Analysis of mitophagy in flies (Mito-QC analysis)

Brains from third instar larvae were dissected in PBS and fixed in 4% formaldehyde, pH 7, for 20 min, rinsed in PBS and mounted in Prolong Diamond Antifade mounting medium (Thermo Fischer Scientific). Samples were generally dissected in the morning and imaged in the afternoon of the same day. Because X chromosome nondisjunction is present in multiple balanced PINK1B9 mutant stocks, correct genotypes were determined by PCR-based genotyping of discarded tissue after dissection.

Fluorescence imaging was conducted using a confocal microscope (Andromeda iMIC spinning disc live cell microscope, TILL Photonics, 60 × objective). Z-stacks were acquired at 0.2 µm-steps.

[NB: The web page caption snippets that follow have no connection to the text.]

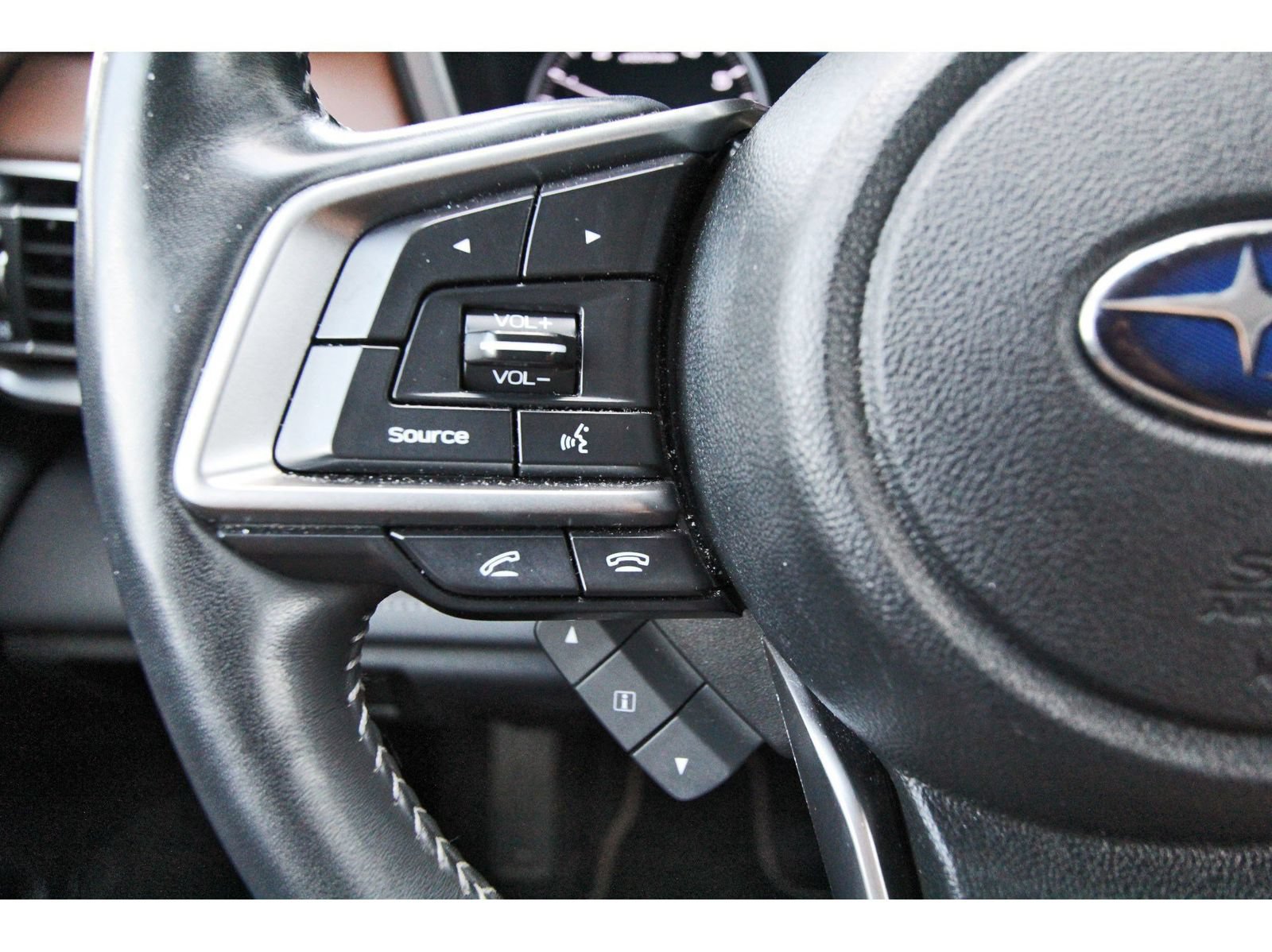 Used 2022 Subaru Outback Touring AWD/4WD image 15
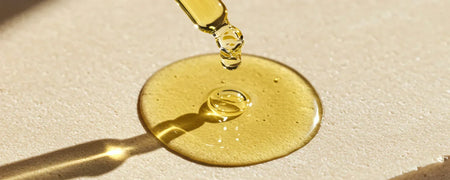 Olej Babassu na włosy: jak pomaga w nawodnieniu, sile i zdrowiu skóry głowy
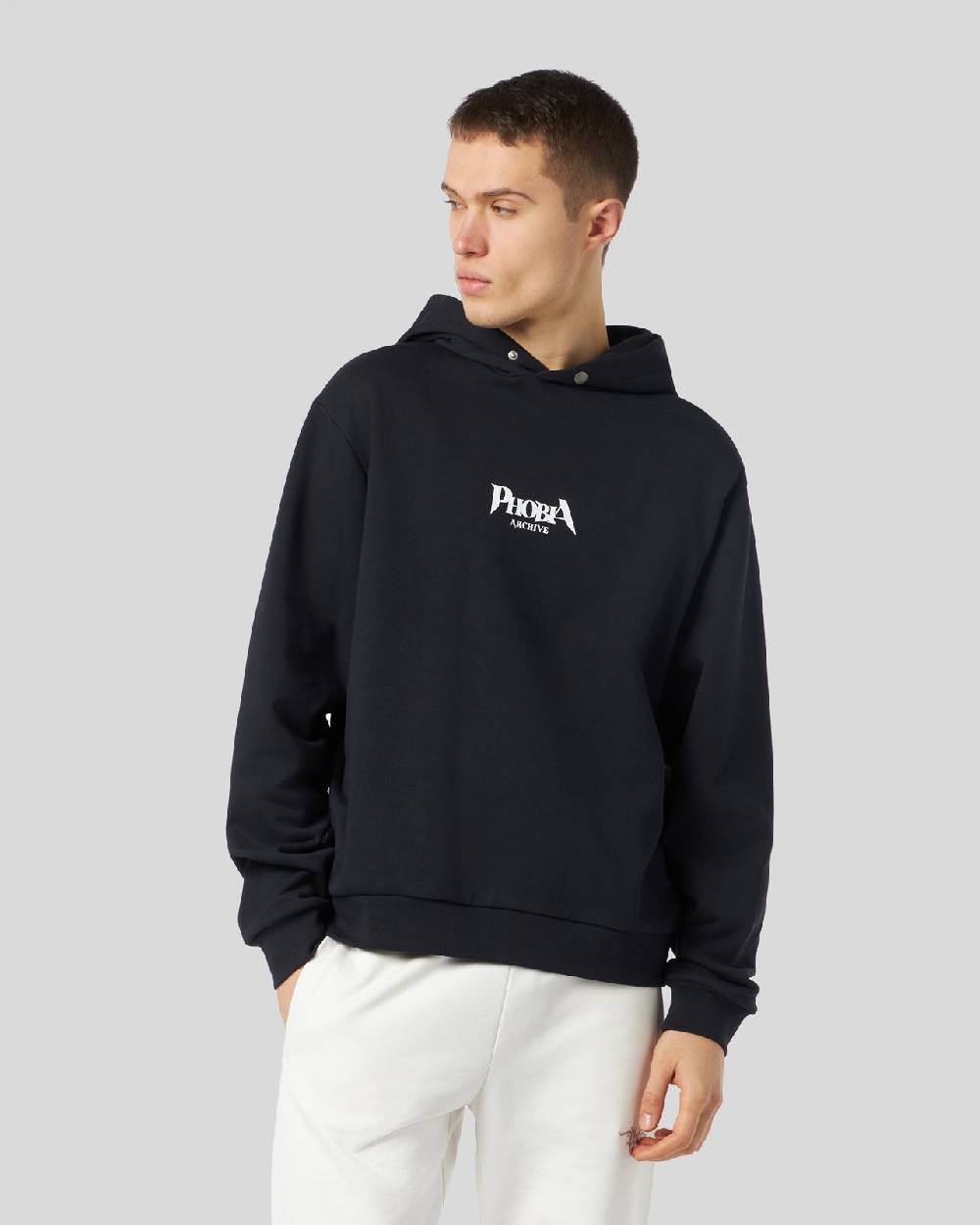 Phobia Archive FELPA NERA CON GRAFICA BAT EYE VIOLA Saldi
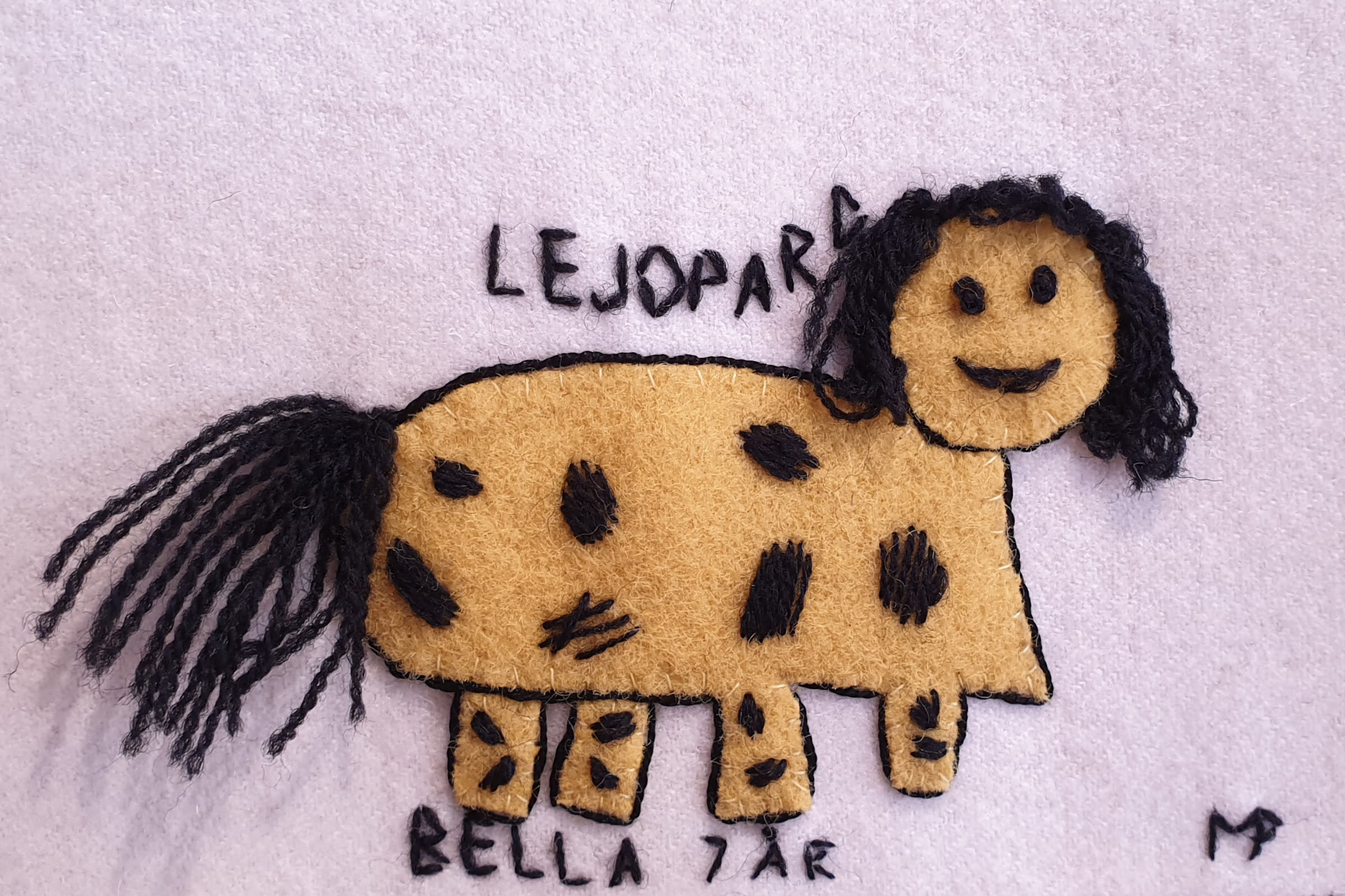 Om Lejoparden. "Sen bad jag mitt bonusbarnbarn Bella, sju år, att rita några djur som jag kunde brodera."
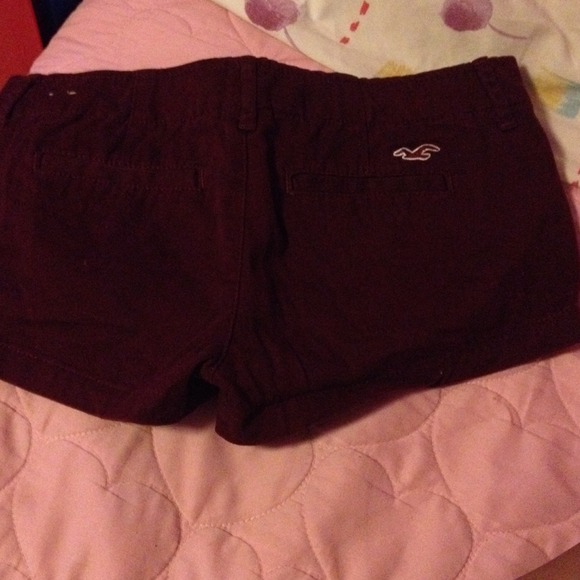 Hollister Burgundy Shorts - Picture 2 of 2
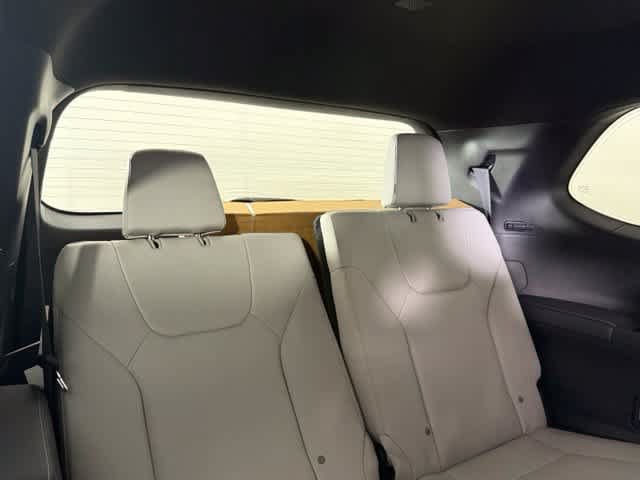 New 2026 Lexus TX 350 AWD image 31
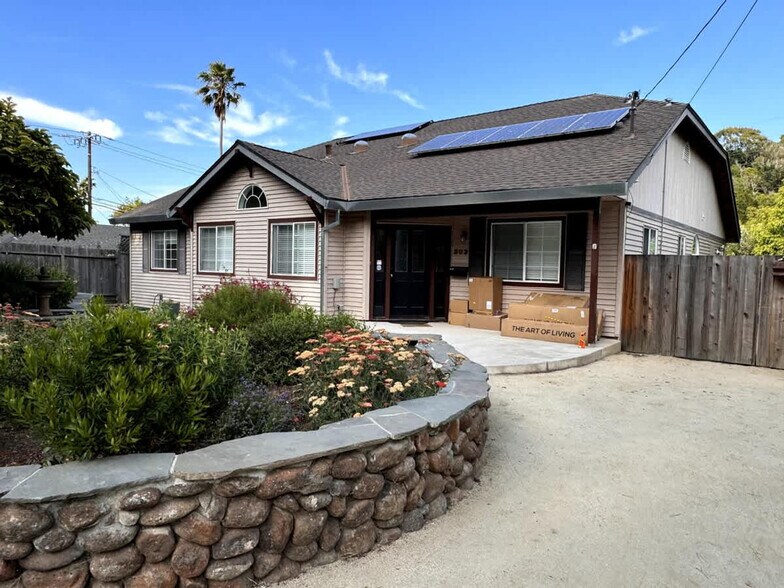 Building Photo - 292 Bell Ln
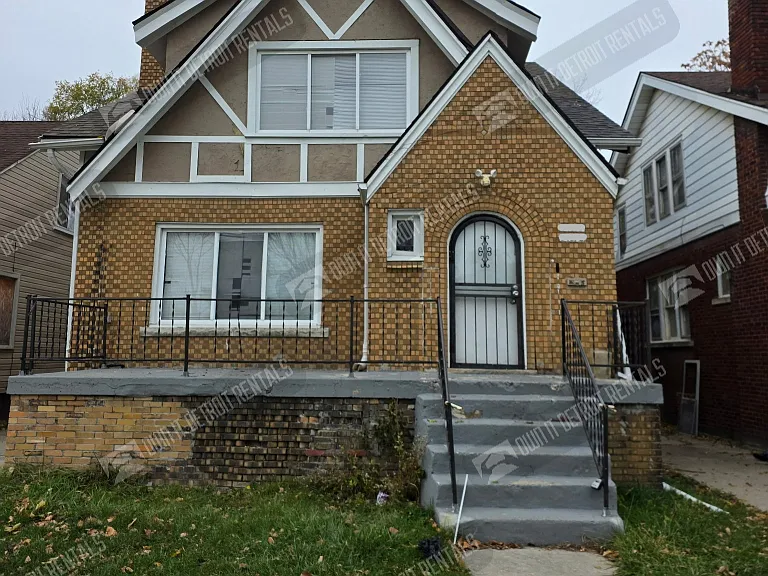 14375 Coyle St — Photo 2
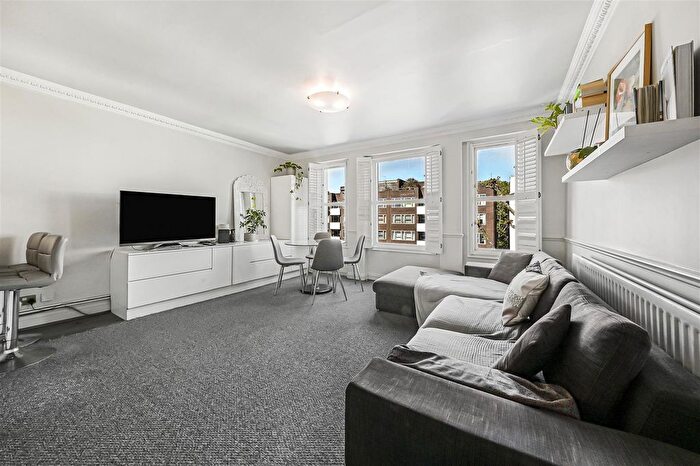 2 Bedroom Flat For Sale In Belsize Grove, Belsize Park, NW3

Confocal images were analyzed using Fiji (ImageJ) software. The mito-QC Counter plugin was used to quantify the number of mitolysosomes, according to Montava-Garriga et al [129].

Statistical analysis

We used Origin 7.0 Professional or Prism 8 for statistical analysis. All data are expressed as mean ± SEM unless specified otherwise. Statistical significance was measured by an unpaired t-test or one-way or two-way ANOVA followed by ad hoc multiple comparison test. p-values are indicated in the figure legend. Data information: n = number of biological replicate; *P ≤ 0.05, **P ≤ 0.01, ***P ≤ 0.001, ****P ≤ 0.0001.